Now we're left to ponder Walt and Jesse's future. I loved the simplicity of their final scene together, and how little needed to be said. But what did that final conversation and handshake mean? Was it "goodbye?" Was it "let's take a break until we figure out where we're going to cook next?" I mean, with Gus and the cartel out of the way, I'd tap into Saul's Rolodex and take over the meth market in the Southwest. Are we going to get a new bad guy next season, or will Walt take that role? And why do I get the sense that Season 5 will be about Jesse versus Walter with Hank sniffing around for realsies this time? What's going to happen when Jesse finds out Walter mildly poisoned Brock? And let his girlfriend Jane die? An awesome final Season of Breaking Bad, that's what.

Lab Notes:
– How will Mike respond to Walter killing Gus? Will he return from his Mexican vacation with guns blazing, or will he be asking Walter for a job?

– This episode had it all: some great dark comedy, intense suspense, and fantastic direction. But the one thing that stands out to me is Dave Porter's incredible score and soundtrack.

– Was anyone else secretly hoping Walt's neighbor would get shot when she went into the house to check it out at Walt's request? How awesome would that have been?

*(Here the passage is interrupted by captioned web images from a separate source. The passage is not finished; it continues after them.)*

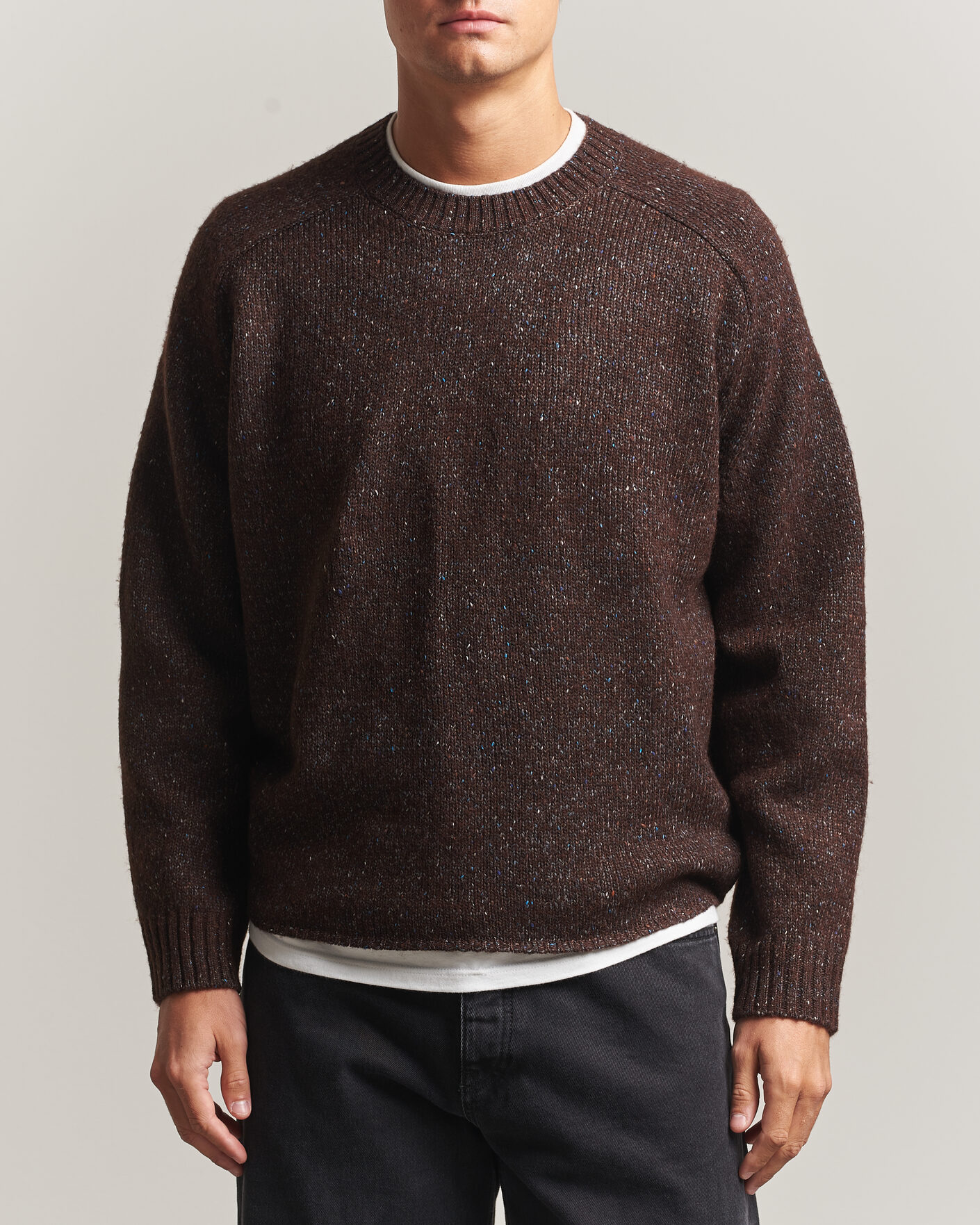 Herren | Pullover | NN07 | Jim Neps Wool Knitted Sweater Deep Truffle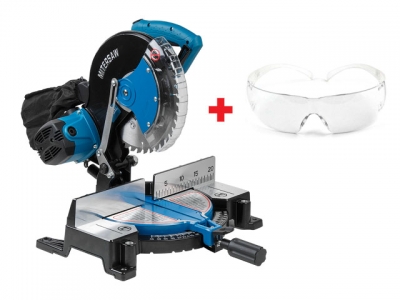 Торцовочная пила BULL CM 2501 в кор.+АКЦИЯ! (Очки открытые 3М 201 Securefit прозрачные PC в подарок) (1800 Вт, 255х25.4 мм, глуб. до 70 мм, шир. до 14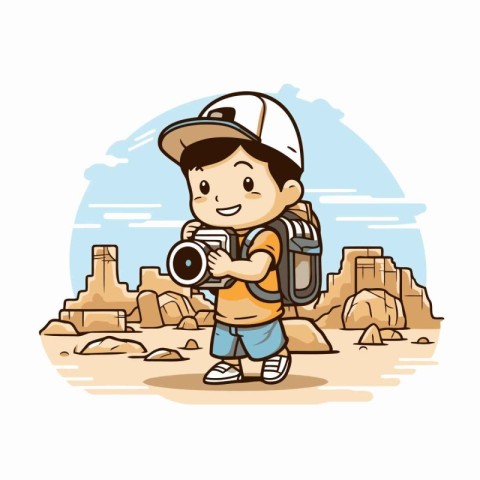 Tourist boy with camera in the desert. Vector illustration in ca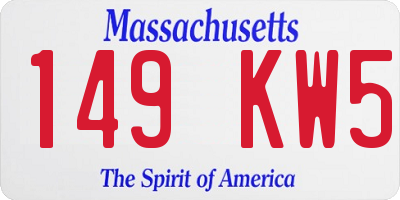MA license plate 149KW5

– Despite Gus getting half his body blown off and the episode being awesome overall, I think there were several episodes this season that outshone "Face Off." I'd be very interested to hear from people who didn't like the finale, if there are any of you out there.

– It's been a lot of fun covering the show this season and reading all your comments. It's really late/really early, so I'm incapable of any emotional outpouring, but I just wanted to say thanks and I hope you'll be back next season. I'll be here!